Work instructions: Write out every line exactly, from the first line of the records below through the line that contains "En Siena, desde".

Scraped caption text data:
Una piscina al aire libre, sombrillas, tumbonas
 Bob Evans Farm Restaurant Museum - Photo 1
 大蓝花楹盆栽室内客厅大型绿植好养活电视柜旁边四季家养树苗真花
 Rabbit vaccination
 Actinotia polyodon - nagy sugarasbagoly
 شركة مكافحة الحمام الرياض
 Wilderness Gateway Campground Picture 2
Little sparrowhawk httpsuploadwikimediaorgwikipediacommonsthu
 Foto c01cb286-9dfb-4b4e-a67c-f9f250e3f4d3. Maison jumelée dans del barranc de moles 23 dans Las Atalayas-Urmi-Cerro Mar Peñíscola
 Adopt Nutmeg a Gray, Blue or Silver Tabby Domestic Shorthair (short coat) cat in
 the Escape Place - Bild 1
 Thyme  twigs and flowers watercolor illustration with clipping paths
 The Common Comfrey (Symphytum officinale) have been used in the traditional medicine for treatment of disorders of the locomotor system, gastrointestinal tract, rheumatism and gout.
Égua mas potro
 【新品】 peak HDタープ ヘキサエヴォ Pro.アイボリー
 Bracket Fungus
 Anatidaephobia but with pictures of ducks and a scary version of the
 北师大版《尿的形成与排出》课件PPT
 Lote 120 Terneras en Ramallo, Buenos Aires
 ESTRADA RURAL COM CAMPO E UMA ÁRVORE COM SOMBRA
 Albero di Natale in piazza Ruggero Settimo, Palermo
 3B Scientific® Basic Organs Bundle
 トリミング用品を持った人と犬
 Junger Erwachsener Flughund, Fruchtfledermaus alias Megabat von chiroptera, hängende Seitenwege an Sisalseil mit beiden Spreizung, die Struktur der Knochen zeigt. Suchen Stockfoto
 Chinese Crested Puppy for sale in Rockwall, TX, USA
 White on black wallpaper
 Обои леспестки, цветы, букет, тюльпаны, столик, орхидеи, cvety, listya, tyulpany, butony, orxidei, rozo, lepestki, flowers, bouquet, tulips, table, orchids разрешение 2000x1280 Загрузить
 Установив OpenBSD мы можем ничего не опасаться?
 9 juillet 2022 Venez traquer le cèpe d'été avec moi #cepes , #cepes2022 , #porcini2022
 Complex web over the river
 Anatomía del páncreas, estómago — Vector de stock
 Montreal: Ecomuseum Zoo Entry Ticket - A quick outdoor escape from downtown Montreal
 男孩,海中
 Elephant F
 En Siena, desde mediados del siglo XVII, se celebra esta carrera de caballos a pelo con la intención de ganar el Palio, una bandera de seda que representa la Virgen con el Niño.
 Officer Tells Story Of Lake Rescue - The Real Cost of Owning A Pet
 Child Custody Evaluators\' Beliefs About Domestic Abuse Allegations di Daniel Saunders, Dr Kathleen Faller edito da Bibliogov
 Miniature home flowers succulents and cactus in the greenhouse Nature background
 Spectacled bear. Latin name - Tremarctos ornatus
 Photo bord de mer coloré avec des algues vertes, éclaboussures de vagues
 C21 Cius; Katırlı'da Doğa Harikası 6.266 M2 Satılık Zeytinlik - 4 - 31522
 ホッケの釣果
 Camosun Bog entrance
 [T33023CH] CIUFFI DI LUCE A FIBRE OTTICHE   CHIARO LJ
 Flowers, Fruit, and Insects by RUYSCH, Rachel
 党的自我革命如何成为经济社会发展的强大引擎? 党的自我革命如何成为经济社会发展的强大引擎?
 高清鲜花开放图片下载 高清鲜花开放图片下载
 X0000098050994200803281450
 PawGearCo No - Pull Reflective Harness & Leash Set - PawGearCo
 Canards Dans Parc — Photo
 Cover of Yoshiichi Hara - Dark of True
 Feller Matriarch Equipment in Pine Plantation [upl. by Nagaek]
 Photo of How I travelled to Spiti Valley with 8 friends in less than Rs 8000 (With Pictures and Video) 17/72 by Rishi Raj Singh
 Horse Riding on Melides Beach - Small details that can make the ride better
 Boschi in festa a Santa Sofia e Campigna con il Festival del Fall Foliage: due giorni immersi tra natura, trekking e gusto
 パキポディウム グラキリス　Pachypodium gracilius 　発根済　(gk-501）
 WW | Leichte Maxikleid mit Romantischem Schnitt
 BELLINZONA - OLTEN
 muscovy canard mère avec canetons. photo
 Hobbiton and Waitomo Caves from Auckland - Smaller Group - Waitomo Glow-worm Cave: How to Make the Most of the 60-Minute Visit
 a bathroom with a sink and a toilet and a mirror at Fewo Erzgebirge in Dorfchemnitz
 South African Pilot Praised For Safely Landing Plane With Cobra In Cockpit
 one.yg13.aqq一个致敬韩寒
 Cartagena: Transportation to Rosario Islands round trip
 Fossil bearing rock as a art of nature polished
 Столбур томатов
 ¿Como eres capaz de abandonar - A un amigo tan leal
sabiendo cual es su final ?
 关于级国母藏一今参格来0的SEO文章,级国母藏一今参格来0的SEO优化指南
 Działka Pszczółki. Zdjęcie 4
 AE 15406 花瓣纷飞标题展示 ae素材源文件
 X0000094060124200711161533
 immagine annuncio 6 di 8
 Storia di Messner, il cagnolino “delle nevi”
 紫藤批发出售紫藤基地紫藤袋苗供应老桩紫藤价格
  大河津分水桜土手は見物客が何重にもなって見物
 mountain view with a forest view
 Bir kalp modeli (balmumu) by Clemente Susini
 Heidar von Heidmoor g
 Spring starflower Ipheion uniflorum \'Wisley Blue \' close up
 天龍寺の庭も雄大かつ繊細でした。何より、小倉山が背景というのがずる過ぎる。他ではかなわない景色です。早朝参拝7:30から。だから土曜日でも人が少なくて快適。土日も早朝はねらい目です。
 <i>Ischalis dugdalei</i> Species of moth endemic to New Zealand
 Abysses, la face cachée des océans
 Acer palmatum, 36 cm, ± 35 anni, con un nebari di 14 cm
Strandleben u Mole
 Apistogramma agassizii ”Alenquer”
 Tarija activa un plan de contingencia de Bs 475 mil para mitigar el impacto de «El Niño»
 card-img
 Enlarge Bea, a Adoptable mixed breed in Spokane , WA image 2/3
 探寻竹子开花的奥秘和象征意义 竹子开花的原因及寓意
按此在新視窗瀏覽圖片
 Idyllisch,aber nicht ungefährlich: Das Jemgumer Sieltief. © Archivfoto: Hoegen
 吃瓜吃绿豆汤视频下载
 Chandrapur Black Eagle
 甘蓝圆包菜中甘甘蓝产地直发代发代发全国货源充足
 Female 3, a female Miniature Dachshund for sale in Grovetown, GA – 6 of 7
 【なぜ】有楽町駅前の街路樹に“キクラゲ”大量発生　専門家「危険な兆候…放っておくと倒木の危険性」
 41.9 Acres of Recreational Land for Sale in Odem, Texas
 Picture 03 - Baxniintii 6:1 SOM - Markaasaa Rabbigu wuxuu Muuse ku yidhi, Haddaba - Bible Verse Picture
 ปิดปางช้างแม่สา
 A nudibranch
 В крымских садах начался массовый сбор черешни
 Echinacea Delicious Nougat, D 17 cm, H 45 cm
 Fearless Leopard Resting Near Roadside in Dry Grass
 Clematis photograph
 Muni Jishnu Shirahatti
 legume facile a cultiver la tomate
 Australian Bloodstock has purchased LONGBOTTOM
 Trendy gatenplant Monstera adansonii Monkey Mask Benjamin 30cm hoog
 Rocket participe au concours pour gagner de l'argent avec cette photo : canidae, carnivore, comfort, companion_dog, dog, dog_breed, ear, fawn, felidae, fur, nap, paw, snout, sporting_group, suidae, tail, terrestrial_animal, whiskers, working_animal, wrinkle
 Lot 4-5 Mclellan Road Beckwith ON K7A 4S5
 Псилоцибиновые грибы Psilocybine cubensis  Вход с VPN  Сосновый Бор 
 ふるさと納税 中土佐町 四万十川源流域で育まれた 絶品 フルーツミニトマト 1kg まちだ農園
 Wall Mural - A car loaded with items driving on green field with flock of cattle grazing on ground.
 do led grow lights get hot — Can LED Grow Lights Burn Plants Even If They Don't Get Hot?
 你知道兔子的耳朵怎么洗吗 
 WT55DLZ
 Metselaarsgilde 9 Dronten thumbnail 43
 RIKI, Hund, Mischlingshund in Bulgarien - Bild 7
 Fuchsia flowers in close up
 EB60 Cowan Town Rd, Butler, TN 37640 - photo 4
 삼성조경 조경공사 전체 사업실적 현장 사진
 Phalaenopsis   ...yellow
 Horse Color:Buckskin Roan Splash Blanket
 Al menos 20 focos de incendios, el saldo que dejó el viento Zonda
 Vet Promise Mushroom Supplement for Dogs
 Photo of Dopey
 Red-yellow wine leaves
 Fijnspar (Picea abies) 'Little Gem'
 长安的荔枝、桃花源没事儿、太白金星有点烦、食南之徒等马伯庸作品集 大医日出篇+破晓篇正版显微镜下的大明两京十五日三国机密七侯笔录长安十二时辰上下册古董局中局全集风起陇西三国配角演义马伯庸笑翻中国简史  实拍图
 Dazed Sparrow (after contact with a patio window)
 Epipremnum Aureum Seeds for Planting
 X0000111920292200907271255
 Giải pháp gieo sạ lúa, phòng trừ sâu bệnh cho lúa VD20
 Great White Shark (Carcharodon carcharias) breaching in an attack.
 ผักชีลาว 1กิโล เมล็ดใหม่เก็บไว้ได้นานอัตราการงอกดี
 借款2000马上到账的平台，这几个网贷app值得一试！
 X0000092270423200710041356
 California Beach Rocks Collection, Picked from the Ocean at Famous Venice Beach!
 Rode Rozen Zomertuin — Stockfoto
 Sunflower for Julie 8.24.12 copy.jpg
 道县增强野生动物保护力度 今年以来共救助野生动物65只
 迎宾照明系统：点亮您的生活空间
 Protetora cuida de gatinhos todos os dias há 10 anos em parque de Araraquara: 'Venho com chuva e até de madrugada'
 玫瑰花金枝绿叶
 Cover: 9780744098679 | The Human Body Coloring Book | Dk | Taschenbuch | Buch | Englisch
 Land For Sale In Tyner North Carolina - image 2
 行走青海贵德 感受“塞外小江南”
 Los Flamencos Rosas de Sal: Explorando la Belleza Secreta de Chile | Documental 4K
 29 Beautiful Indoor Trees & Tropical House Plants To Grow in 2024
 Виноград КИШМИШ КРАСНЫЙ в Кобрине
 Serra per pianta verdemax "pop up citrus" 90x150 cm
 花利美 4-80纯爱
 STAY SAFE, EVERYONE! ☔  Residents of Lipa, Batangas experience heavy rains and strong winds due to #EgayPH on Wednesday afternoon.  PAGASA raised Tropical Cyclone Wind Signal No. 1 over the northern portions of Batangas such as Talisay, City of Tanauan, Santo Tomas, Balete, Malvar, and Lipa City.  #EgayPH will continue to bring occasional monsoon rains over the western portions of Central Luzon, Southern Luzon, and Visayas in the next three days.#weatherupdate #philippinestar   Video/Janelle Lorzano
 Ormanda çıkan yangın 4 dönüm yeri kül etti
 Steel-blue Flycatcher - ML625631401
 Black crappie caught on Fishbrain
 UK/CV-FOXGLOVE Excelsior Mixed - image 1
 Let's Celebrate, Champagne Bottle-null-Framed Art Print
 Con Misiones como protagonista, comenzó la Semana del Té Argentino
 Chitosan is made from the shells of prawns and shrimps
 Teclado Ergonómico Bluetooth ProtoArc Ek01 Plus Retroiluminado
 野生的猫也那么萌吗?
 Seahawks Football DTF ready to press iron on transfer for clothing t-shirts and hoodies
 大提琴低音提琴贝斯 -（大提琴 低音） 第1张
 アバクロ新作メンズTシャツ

Output of the exercise:
Una piscina al aire libre, sombrillas, tumbonas
 Bob Evans Farm Restaurant Museum - Photo 1
 大蓝花楹盆栽室内客厅大型绿植好养活电视柜旁边四季家养树苗真花
 Rabbit vaccination
 Actinotia polyodon - nagy sugarasbagoly
 شركة مكافحة الحمام الرياض
 Wilderness Gateway Campground Picture 2
Little sparrowhawk httpsuploadwikimediaorgwikipediacommonsthu
 Foto c01cb286-9dfb-4b4e-a67c-f9f250e3f4d3. Maison jumelée dans del barranc de moles 23 dans Las Atalayas-Urmi-Cerro Mar Peñíscola
 Adopt Nutmeg a Gray, Blue or Silver Tabby Domestic Shorthair (short coat) cat in
 the Escape Place - Bild 1
 Thyme  twigs and flowers watercolor illustration with clipping paths
 The Common Comfrey (Symphytum officinale) have been used in the traditional medicine for treatment of disorders of the locomotor system, gastrointestinal tract, rheumatism and gout.
Égua mas potro
 【新品】 peak HDタープ ヘキサエヴォ Pro.アイボリー
 Bracket Fungus
 Anatidaephobia but with pictures of ducks and a scary version of the
 北师大版《尿的形成与排出》课件PPT
 Lote 120 Terneras en Ramallo, Buenos Aires
 ESTRADA RURAL COM CAMPO E UMA ÁRVORE COM SOMBRA
 Albero di Natale in piazza Ruggero Settimo, Palermo
 3B Scientific® Basic Organs Bundle
 トリミング用品を持った人と犬
 Junger Erwachsener Flughund, Fruchtfledermaus alias Megabat von chiroptera, hängende Seitenwege an Sisalseil mit beiden Spreizung, die Struktur der Knochen zeigt. Suchen Stockfoto
 Chinese Crested Puppy for sale in Rockwall, TX, USA
 White on black wallpaper
 Обои леспестки, цветы, букет, тюльпаны, столик, орхидеи, cvety, listya, tyulpany, butony, orxidei, rozo, lepestki, flowers, bouquet, tulips, table, orchids разрешение 2000x1280 Загрузить
 Установив OpenBSD мы можем ничего не опасаться?
 9 juillet 2022 Venez traquer le cèpe d'été avec moi #cepes , #cepes2022 , #porcini2022
 Complex web over the river
 Anatomía del páncreas, estómago — Vector de stock
 Montreal: Ecomuseum Zoo Entry Ticket - A quick outdoor escape from downtown Montreal
 男孩,海中
 Elephant F
 En Siena, desde mediados del siglo XVII, se celebra esta carrera de caballos a pelo con la intención de ganar el Palio, una bandera de seda que representa la Virgen con el Niño.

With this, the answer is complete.